The advantage of memories is that there is common pin-out and stacked devices can utilize existing memory test methodologies by adjusting the address range for the design. The die in this application are stacked from the top of one die to the bottom of the next die. These products have shipped literally billions of parts in this technology at a very similar price point to standard wire bond. This methodology supports using known good die for the design, has compatibility with current design tools and has known thermal performance.

Computing systems have a different target for stacked die. These systems, however, require a different architecture. There is local 3D memory for each core that is connected, where the core is placed in the die by way of a vertical interconnect. These applications have very high I/O counts that cannot be run to peripheral I/O, so they cannot use memory-style connections. The die are stacked in a top-to-top format. These are the designs targeted for TSVs.

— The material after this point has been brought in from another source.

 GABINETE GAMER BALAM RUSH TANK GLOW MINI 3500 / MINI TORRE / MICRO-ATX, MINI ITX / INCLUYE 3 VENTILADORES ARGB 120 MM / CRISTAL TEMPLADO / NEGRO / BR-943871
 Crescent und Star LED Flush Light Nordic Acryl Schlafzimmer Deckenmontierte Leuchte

There are questions, however, about whether the TSVs should be part of the IP blocks and whether the models for the IP should include the timing for vertically stacked memory. The challenge with including them in the IP is related to the large variability in post-processing options for TSV creation by the fabs. The tools needed to model the TSVs and verify the IP is being used properly are still lacking, according to the panelists. Moreover, the thermal models, changes in strain after thinning, and multi-layer capacitive coupling for the die being stacked face-to-face are issues that need to be dealt with for generalized IP use.

These problems are not unsolvable. Xilinx has released products using multi-die technology, and for fixed topology applications there is an understanding of how to solve these problems. The generalized use of TSVs randomly distributed over a custom processor die leads to the creation of custom memory configurations and pin-outs, as well.

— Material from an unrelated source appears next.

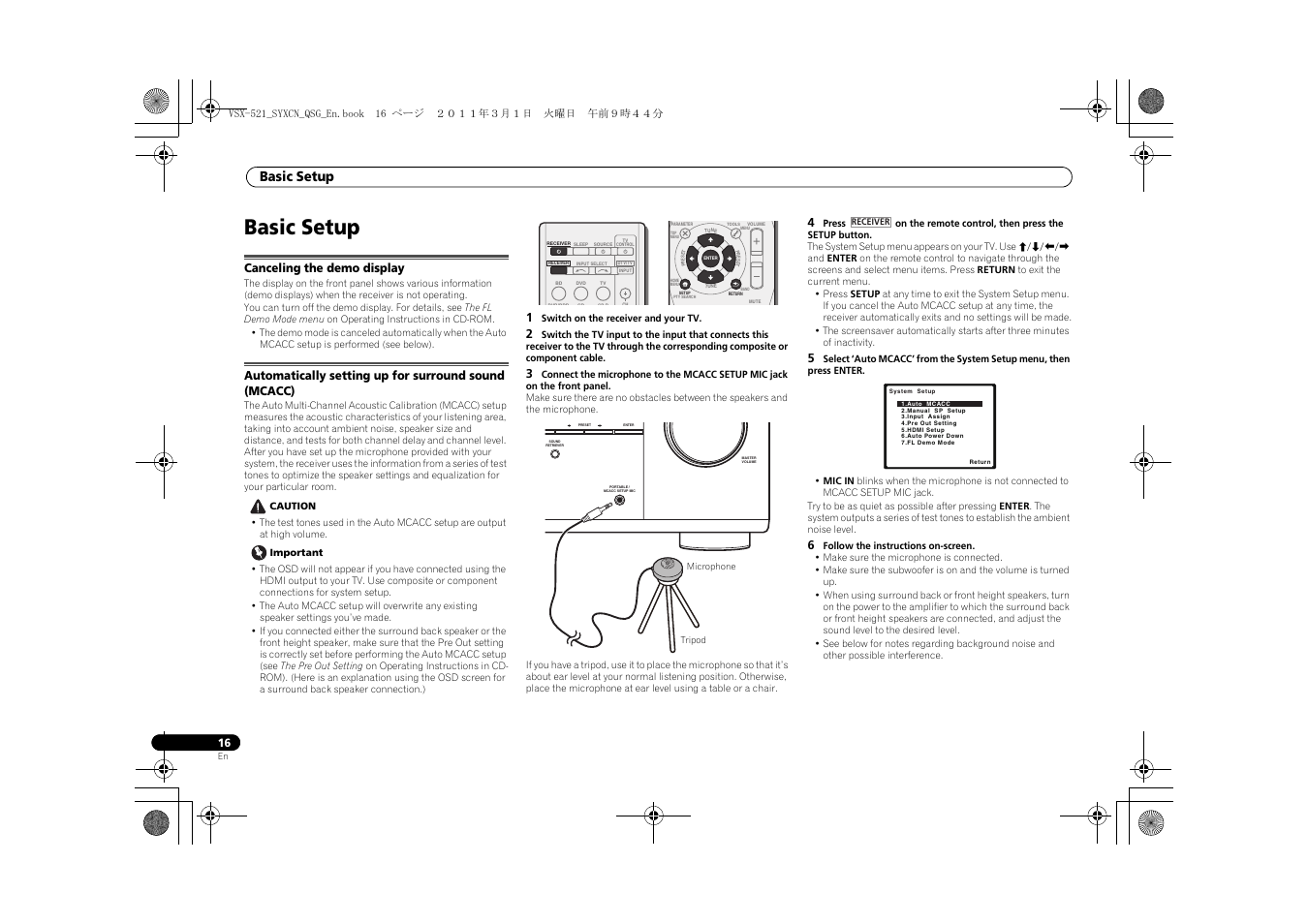 Basic setup, Canceling the demo display | Pioneer VSX-521 User Manual | Page 16 / 128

It is unlikely that a standards group will drive the memory compilers and designers to a standard pin-out for the blocks. Because the processor cores are soft IP and have different optimization tradeoffs, there is no standardized application target that would allow for the performance tradeoffs of the cores to hit a standard pin-out. In general. these will be custom designs and custom applications. The stacked die setup is targeted for very high volume or high ASP products that can justify the high cost of test.

With respect to SoCs, this platform will likely be one of the last to address TSVs because of the impact on the design and release cycle. Packaging, thermal, timing and power issues for multi-die SoCs is very complicated and is beyond the capacity of most EDA tools, especially in the context of billion-device ICs that already are pushing the limits of the tools. Advances are being made for this area, and tool vendors have discussed options for system verification that are being targeted at this use. These are still in development, and the current releases of the tools address some but not all of the use models for TSVs and stacked die, or silicon interposer and stacked die, but are not to the design tradeoff stage as yet.

In addition, this whole area is still bracketed by cost. Traditional system-in-package and wirebond-based stacked die are still the most cost-effective for consumer commodity chips. The key is to identify a device, market and performance metric that can justify the high production cost of this technology now.